When he's ready, Wood will have a job with the Cubs in some capacity, but he wasn't ready to look that far ahead. He's gotten numerous texts from all over the country and was saluted by former teammates and managers, who commended his perseverance.
During Saturday's ceremony the Cubs presented him with a picture of him and his son in that on-field embrace Friday and also a flag of his 20-strikeout game.
Asked why he was so popular in Chicago - the fans often chanted ''Ker-ry, Ker-ry,'' as they did one last time Friday - Wood said he felt they appreciated all he went through to pitch, especially with so many injuries. And he first pitched at Wrigley when he was 20 years old, so he grew up in front of them.
''This is something that I've dealt with since way back when. I've been battling injuries since after my first year,'' said Wood, who missed the entire 1999 season after elbow surgery.
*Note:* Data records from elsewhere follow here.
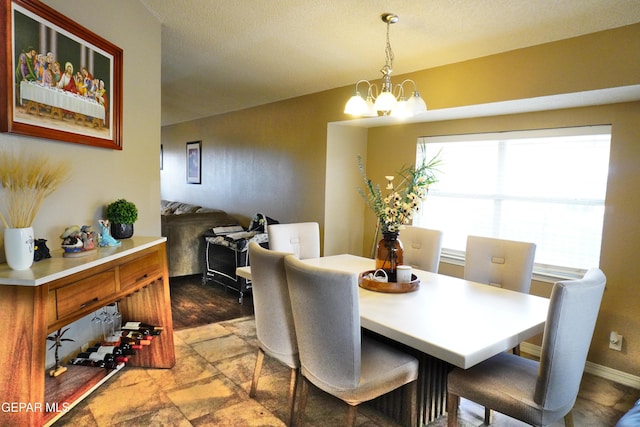 dining area featuring a notable chandelier, stone finish flooring, and baseboards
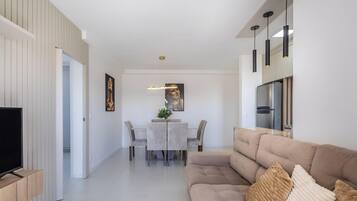 Una sala de estar moderna con un sofá color beige, un televisor de pantalla plana y una zona de comedor con mesa y sillas.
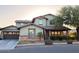 Charming two-story home with a well-maintained lawn and a welcoming front porch at 13686 N 151St Dr, Surprise, AZ 85379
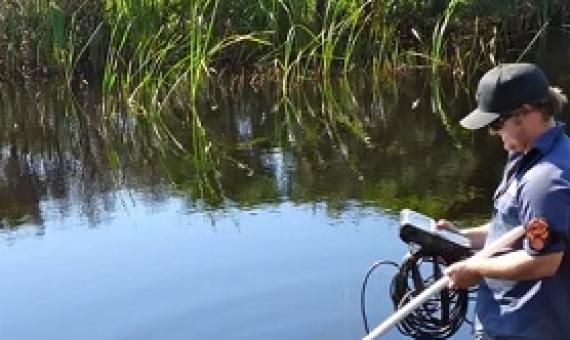A NSW environment officer collects data at Bengello near Batemans Bay. Water in estuaries has warmed at a much faster rate than the atmosphere or oceans, a study has found. Photograph: New South Wales Department of Planning, Industry and Environment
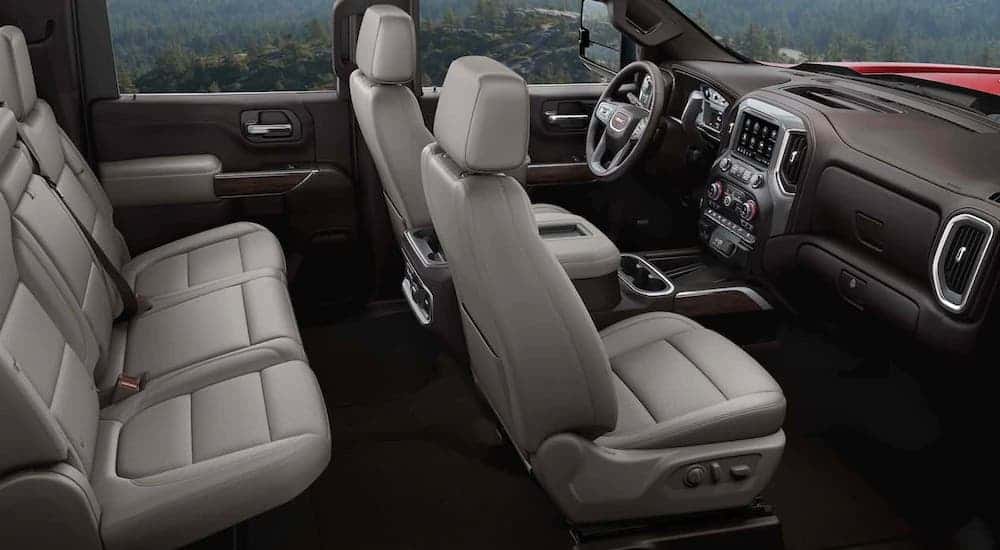 The light gray rows of seats are shown in a 2021 GMC heavy duty truck.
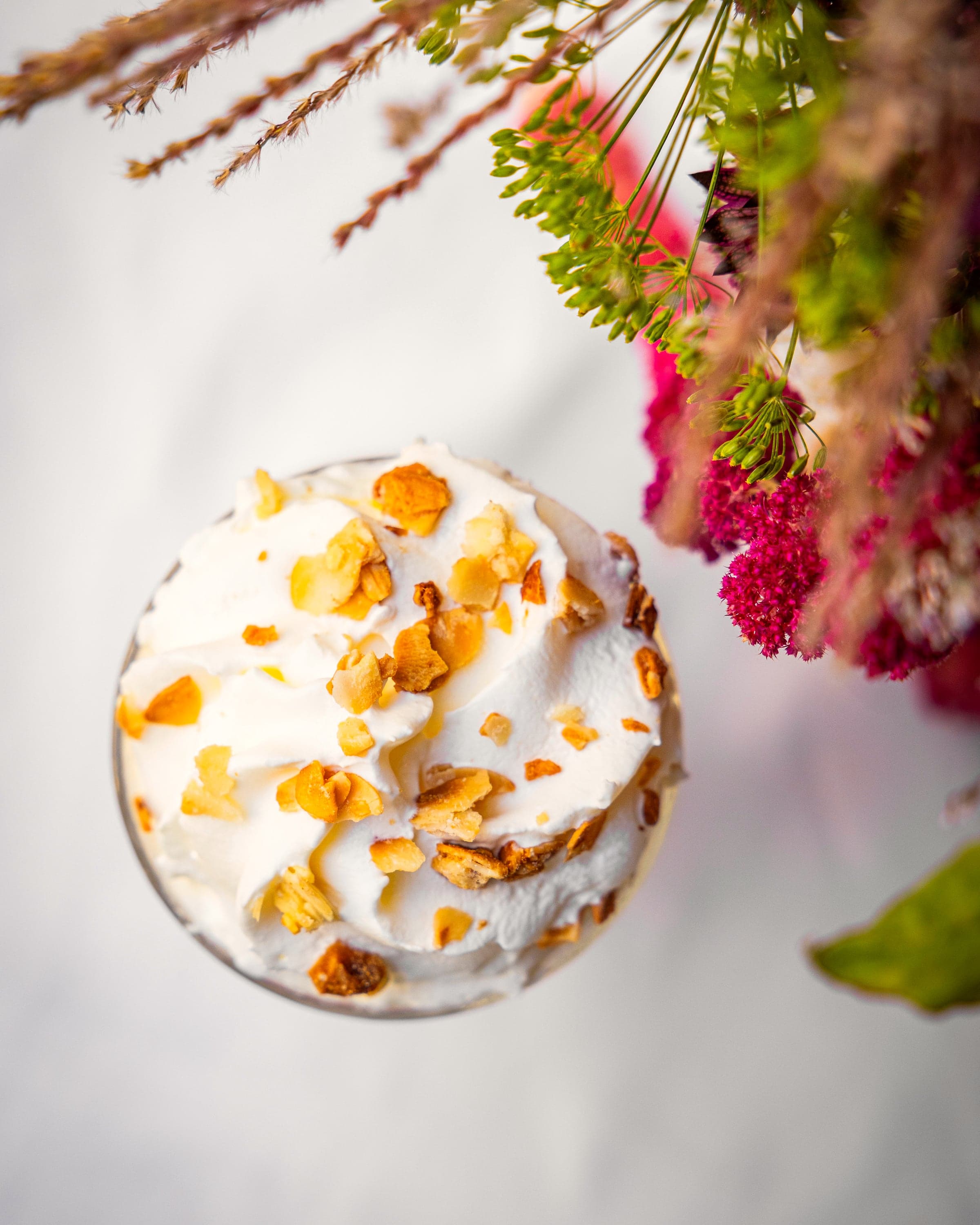 Dessert glacé vu de dessus, dressé près d’un bouquet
''It made me who I was. If I didn't have those injuries, I don't think I would be the person I am.''
Cubs president of baseball operations Theo Epstein, who is new to Chicago, said the latter part of a player's career can be difficult, but that Wood handled it well.
''The player evaluating himself properly in the context of the team can be tough. He's able to step outside himself, view the situation, understand what he needed to do to make himself happy and sort of what was best for him and the club,'' Epstein said.